Уже в открывающей «Лабиринт» выставке (черный куб малой сцены преобразили Ирина Корина, Алина Гуткина, группа «ЕлиКука») предлагается продегустировать яды (на вкус — как фруктово-ягодные соки) и оценить цвет и консистенцию крови шекспировских героев (в ассортименте кровь Отелло, леди Макбет и Ричарда Третьего, Капулетти и Монтекки микс и Дездемона фреш). Затем под усыпляющий бдительность подробностями шекспировской биографии баритон в наушниках по разукрашенной Солодовниковой «лестнице жизни» стайка путешественников спускается в тоталитарную преисподнюю: артисты Liquid-театра воссоздают атмосферу «Стены Пинк Флойд», сгоняя зрителей на площадь, где бесноватый лидер за кордоном из дирижирующих народными массами телохранителей читает письмо Ивана Тургенева о Шекспире — как пропагандистскую речь-истерику во славу русского народа, единственного на планете, способного понять и использовать шекспировский гений.
Следующий эпизод — саркастическая «Офелия» Филиппа Григорьяна, превращающая блаженную героиню в вульгарную кокетку, словно сбежавшую с верхушки кремового торта, злобную и капризную актрисульку, забавляющуюся ариями Амбруаза Тома и сюсюканьем с живыми котятами: жестокая пародийная инверсия замыленного тезиса «Весь мир — театр». Кодой ее становятся аплодисменты, адресованные из пустого зала сидящим в данный момент на сцене зрителям — в этот неловкий момент моя соседка возбужденно обратилась к своим товарищам: «Помните, как у Висконти?! Висконти помните?» Я было подумал, что барышня имеет в виду оперное величие висконтиевских картин, но она уточнила: «Скромное обаяние буржуазии»!» Я не удержался и поправил: «Это Бунюэль», но обе ассоциации правомерны: в «Лабиринте» нашлось место и густо замешанной на власти и крови эстетике «Гибели богов», и провокационному сюрреализму Бунюэля. После участия в уже помянутой тайной «Редколлегии» — черед концептуального и печального минимализма от Дмитрия Волкострелова: «Фортинбрас», инсталляция «по мотивам» одноименного стихотворения лагерника Варлама Шаламова. За ним — «гастрономическая» часть, разыгранная, как и положено, в буфете. Только, несмотря на возможность подкрепиться томатным соком и мясными пирожками, речь артисты театра «Трикстер» ведут о плотоядности шекспировских трудов: эффектный каннибальский гиньоль напоминает о Шекспире — разрушителе «скреп добронравия» и враге адептов пресной мещанской жизни.

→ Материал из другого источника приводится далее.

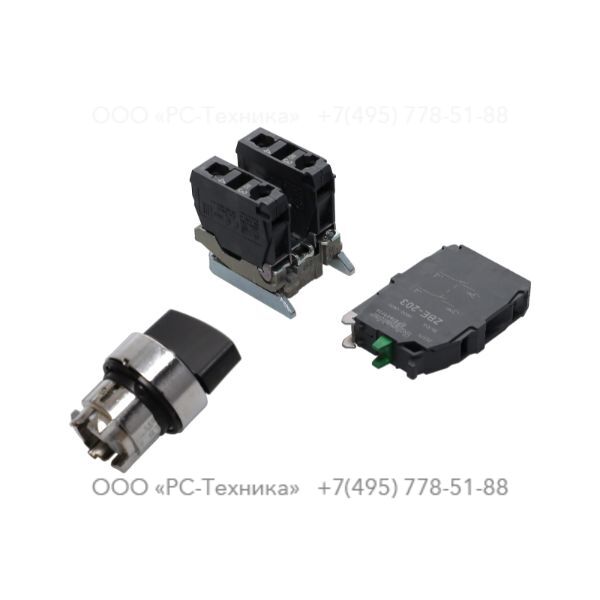 1089026311 SELECTOR SWITCH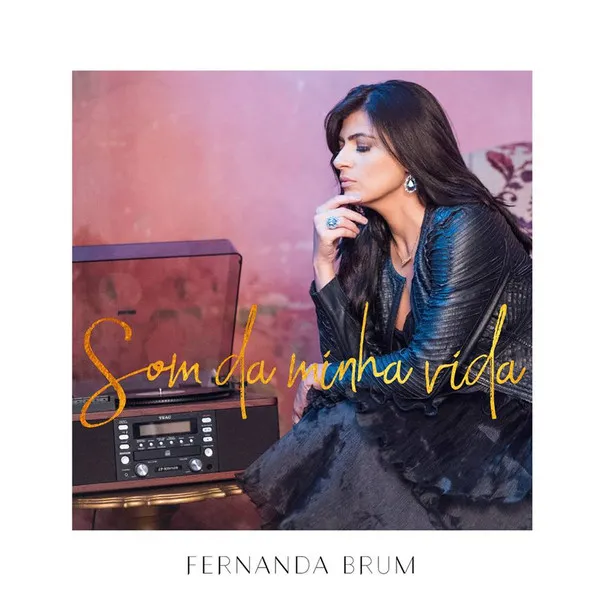 Fernanda Brum
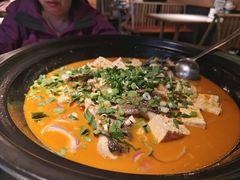 -筱爷叔·上海传统手工菜(玉树路店)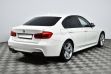 BMW 3 серии 2.0 АКПП, 2018, 64 000 км превью 2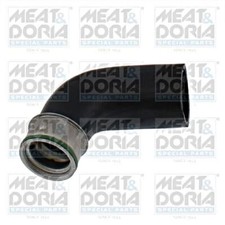 Charger Intake Hose Fits AUDI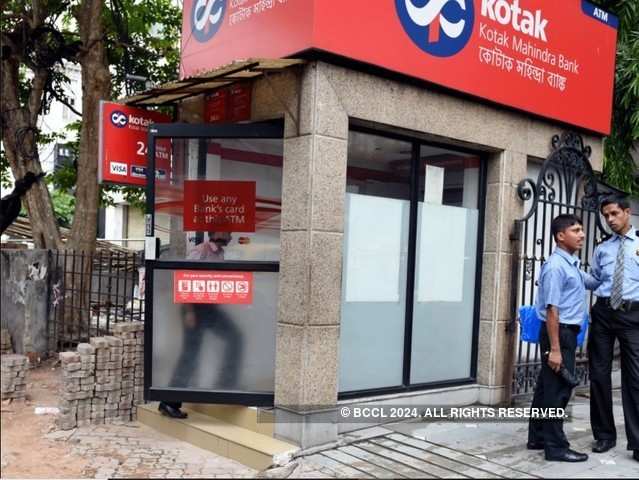 Kotak Mahindra Bank| BUY | Target Price: Rs 2,140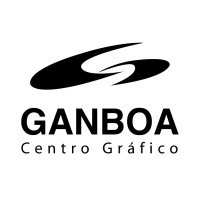 Centro Gráfico Ganboa, S.L. logo, Centro Gráfico Ganboa, S.L. contact details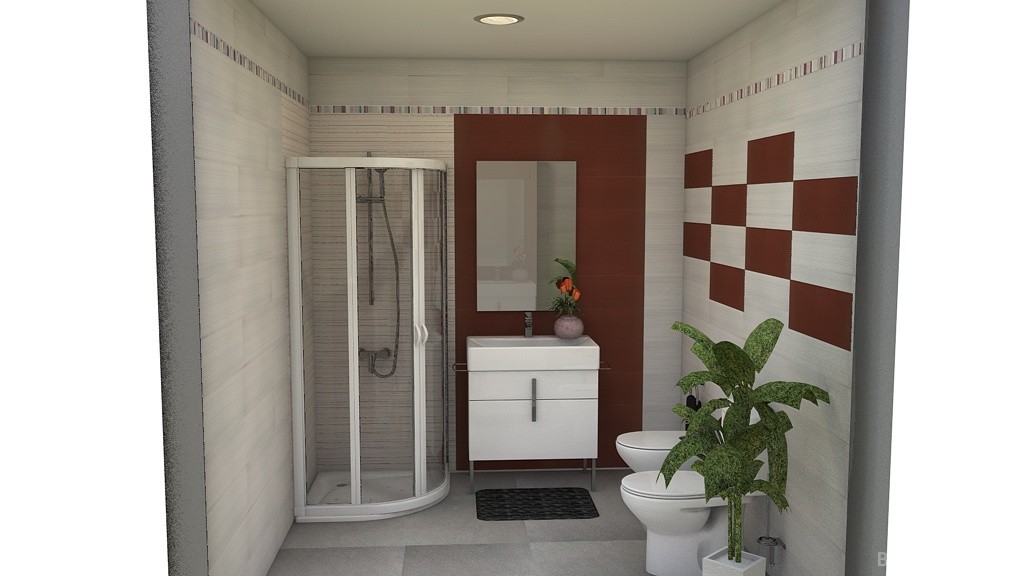 CRISTIANO WC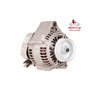 EXCHANGE ALTERNATOR 80AMP 12V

Самая резкая сцена разворачивается в гардеробе: Тимофей Кулябин, один из лучших молодых режиссеров (сенсацией фестиваля «Золотая маска» стал его новосибирский «Онегин», в репертуаре Театра наций идет «Электра»), придумал мини-перформанс для гениальной Елены Морозовой, пытающейся — в роли леди Макбет — водой и слюной смыть кровь со своих отрубленных рук. Танцевальное рок-шоу от компании Dialogue Dance «Гамлет» — ода брутальной шекспировской телесности. А местом действия удивительного финала — его режиссировал Юрий Квятковский — становятся большая сцена и весь зал Театра наций под люстрой, говорящей голосом Лии Ахеджаковой. Ради одного только этого эпизода стоило выдумать Шекспира и его юбилей.